**WHAT THE EXERCISE ASKS**
Return exactly the lines below, starting with the one that has "WELLFOR 29.1 in." and going on through the one that has "Crispy Mexican Chicken".

━━━

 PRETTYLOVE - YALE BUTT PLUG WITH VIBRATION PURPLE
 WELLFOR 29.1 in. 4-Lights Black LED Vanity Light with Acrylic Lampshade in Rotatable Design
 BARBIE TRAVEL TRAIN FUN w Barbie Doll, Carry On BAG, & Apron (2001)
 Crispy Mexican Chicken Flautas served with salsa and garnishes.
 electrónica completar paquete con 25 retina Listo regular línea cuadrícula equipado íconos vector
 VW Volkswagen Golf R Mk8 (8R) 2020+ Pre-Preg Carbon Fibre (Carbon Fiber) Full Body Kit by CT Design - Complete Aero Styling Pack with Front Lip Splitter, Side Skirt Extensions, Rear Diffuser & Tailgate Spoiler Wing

━━━

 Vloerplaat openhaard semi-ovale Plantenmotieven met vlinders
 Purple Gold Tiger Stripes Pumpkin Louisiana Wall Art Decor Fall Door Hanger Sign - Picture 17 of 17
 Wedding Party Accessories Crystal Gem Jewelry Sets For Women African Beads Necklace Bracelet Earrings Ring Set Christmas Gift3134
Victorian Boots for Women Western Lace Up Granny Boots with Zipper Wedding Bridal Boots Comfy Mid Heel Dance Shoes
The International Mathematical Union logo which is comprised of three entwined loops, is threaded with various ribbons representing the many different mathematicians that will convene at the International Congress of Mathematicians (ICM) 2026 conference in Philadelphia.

━━━

**SOLUTION TO THIS TASK**
 WELLFOR 29.1 in. 4-Lights Black LED Vanity Light with Acrylic Lampshade in Rotatable Design
 BARBIE TRAVEL TRAIN FUN w Barbie Doll, Carry On BAG, & Apron (2001)
 Crispy Mexican Chicken Flautas served with salsa and garnishes.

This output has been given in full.